I am calling out SNPs from a high coverage (> 20fold) 75bp paired-end, > 400 million reads data set.
I have used a standard BWA>MARK/REMOVE DUPLICARES (PICARD)>SAMTools flowthrough.
My samtools mpileup command line is:
samtools mpileup -uf genome.fa input-1.bam input-2.bam | bcftools view -bvcg -.> output.bcf
bcftools view output.bcf | vcfutils.pl varFilter -D100 > varflt.vcf
I did however realize that for high coverage,I should use the variable -S.

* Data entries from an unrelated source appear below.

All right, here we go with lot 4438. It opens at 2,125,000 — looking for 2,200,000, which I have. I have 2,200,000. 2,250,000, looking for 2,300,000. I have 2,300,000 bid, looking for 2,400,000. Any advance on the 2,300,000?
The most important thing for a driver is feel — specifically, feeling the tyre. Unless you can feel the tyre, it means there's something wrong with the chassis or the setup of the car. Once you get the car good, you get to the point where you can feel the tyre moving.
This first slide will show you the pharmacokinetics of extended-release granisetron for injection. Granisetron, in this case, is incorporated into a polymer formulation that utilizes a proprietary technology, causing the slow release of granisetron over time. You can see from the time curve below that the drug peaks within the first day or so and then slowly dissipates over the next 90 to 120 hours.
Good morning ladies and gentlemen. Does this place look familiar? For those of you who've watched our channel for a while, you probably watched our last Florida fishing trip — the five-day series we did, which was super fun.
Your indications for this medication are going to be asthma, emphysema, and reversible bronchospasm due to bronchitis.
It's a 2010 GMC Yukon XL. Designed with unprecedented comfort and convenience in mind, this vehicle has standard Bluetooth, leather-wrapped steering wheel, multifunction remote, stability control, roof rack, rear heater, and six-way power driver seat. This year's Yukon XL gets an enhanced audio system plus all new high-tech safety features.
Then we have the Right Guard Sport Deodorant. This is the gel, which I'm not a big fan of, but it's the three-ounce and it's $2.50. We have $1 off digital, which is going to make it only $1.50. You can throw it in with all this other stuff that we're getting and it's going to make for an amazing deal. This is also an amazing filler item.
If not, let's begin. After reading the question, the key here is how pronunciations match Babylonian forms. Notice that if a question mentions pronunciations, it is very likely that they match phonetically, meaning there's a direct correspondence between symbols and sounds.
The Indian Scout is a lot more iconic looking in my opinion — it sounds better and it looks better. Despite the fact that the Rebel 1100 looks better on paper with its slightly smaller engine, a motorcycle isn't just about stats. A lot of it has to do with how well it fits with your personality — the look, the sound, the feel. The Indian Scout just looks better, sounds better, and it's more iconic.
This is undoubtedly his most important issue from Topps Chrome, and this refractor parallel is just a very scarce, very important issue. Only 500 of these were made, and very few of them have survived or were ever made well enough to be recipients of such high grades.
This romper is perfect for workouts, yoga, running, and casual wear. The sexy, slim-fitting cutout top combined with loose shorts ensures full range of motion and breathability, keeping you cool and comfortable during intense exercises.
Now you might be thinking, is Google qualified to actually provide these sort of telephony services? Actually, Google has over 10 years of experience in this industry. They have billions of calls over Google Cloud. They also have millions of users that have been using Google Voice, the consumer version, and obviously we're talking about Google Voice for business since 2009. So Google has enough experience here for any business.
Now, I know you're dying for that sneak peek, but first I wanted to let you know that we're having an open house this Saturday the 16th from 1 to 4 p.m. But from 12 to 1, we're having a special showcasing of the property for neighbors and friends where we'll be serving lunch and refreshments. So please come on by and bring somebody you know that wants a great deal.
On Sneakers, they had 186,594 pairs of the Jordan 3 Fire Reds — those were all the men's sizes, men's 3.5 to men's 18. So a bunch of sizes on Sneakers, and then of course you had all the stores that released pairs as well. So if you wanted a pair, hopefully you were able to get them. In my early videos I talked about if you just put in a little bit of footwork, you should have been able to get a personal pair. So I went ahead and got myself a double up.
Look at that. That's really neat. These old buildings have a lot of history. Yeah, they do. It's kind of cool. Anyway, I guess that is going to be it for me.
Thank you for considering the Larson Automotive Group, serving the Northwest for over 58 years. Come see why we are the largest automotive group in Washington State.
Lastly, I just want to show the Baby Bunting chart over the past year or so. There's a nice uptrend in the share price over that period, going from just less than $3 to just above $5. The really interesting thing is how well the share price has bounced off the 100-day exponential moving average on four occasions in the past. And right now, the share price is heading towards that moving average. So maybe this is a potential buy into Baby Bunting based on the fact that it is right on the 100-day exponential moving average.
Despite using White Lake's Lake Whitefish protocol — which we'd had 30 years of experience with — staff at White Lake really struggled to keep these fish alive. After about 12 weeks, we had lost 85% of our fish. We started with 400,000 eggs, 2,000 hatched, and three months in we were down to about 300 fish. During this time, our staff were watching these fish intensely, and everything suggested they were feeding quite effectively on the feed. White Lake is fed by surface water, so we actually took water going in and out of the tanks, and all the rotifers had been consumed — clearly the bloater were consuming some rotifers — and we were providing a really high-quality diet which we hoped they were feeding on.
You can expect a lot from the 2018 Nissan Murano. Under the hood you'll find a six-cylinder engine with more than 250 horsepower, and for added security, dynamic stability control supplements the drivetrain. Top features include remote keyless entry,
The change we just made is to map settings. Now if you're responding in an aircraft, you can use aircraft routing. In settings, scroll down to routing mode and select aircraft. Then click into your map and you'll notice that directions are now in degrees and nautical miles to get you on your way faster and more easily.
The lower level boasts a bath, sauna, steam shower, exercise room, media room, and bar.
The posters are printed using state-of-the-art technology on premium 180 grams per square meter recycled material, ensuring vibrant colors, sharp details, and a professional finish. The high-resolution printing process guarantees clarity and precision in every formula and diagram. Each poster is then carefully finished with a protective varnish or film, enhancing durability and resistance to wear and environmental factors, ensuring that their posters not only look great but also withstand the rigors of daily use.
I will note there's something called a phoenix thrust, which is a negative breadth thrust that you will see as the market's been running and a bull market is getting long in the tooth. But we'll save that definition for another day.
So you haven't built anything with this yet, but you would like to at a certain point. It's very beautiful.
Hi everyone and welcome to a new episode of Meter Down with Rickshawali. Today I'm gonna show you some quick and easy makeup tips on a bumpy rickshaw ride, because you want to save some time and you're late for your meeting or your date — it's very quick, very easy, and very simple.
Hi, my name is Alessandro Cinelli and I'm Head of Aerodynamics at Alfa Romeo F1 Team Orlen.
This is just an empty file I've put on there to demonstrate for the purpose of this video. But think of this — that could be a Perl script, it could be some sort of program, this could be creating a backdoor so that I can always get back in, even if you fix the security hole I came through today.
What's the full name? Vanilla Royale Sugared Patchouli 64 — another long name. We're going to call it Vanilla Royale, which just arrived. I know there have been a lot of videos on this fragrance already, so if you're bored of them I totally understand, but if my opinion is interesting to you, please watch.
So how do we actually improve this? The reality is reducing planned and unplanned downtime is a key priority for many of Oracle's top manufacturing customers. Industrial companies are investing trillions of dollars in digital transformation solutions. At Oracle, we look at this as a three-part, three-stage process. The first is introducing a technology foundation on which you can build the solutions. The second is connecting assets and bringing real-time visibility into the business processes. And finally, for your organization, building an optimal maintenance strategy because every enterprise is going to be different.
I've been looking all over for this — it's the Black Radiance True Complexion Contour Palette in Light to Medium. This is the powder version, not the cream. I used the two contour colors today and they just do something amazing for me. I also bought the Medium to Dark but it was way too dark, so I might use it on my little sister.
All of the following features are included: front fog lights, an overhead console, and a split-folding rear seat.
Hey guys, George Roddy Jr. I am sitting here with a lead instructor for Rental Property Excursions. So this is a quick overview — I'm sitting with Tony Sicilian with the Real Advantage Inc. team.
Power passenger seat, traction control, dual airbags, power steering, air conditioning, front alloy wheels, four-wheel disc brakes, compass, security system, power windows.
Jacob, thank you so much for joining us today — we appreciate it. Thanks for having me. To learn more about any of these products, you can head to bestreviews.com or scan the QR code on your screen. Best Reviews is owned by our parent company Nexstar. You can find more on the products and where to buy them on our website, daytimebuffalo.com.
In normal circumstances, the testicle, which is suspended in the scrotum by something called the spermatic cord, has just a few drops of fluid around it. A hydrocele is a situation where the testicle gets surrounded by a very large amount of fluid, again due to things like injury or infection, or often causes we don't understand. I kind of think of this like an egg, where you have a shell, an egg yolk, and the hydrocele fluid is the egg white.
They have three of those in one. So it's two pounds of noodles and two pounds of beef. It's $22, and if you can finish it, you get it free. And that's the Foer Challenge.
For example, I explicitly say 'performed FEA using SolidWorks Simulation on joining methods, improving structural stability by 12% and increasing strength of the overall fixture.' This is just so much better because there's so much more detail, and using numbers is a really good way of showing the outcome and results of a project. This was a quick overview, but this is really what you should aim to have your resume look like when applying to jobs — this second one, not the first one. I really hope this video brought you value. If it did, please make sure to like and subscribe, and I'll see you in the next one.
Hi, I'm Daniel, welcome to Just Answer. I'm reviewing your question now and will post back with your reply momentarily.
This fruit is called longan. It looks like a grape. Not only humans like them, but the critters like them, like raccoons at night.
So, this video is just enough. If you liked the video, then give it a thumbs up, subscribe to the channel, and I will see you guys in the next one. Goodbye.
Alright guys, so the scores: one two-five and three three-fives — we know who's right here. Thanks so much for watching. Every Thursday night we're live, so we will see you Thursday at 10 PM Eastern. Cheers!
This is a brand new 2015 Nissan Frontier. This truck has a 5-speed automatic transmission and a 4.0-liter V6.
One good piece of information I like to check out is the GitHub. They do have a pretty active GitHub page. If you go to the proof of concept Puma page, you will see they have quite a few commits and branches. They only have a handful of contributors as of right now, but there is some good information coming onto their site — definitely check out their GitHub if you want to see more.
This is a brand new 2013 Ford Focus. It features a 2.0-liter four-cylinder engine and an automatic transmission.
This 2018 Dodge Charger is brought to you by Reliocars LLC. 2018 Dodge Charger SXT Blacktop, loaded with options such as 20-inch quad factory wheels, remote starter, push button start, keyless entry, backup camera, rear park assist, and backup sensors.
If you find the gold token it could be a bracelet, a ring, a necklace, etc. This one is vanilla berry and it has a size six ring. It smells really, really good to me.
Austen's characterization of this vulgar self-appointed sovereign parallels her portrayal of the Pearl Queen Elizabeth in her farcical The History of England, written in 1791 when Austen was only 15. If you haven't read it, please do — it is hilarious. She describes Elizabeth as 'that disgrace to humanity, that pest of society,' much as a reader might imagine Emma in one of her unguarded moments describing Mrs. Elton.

My question is, is -D100 an ideal threshold? Regarding -S, what's an appropriate/standard value?
Many thanks.
The thing to be clear about is that any position that exceeds the coverage of '-D' will be excluded from the results. When i run variant detection i usually set '-D' to be 3-5x the mean depth of coverage for the genome. This seems to work well, but still excludes areas where there is artificially high coverage.
Not sure what you mean about '-S'? For which, program?
Thanks, got a clear idea regarding -D.
-S is strand bias p-value in bcftools. I want to add this flag in: bcftools view *.bcf | vcfutils.pl varFilter -D1000(or another value -S (which value???) > output.vcf
Since -S is a p-value, I assume 0.05-0.1 would be reasonable, but want to make sure.
Thanks.
As Ian answered I would set -D to be 3-5 times of the mean coverage. I usually keep it 3X. This way you would discard false postitive SNPs resulting in the CNV regions OR highly similiar regions like paralogs. -S is a p-value but I usually dont care a much about it and use a very low cut off .0001. There have been many papers those have used the same p-value for strand bias.
Thanks, got a clear idea regarding -D. -S is strand bias p-value in bcftools. I want to add this flag in: bcftools view *.bcf | vcfutils.pl varFilter -D1000(or another value -S (which value???) > output.vcf Since -S is a p-value, I assume 0.05-0.1 would be reasonable, but want to make sure. Thanks.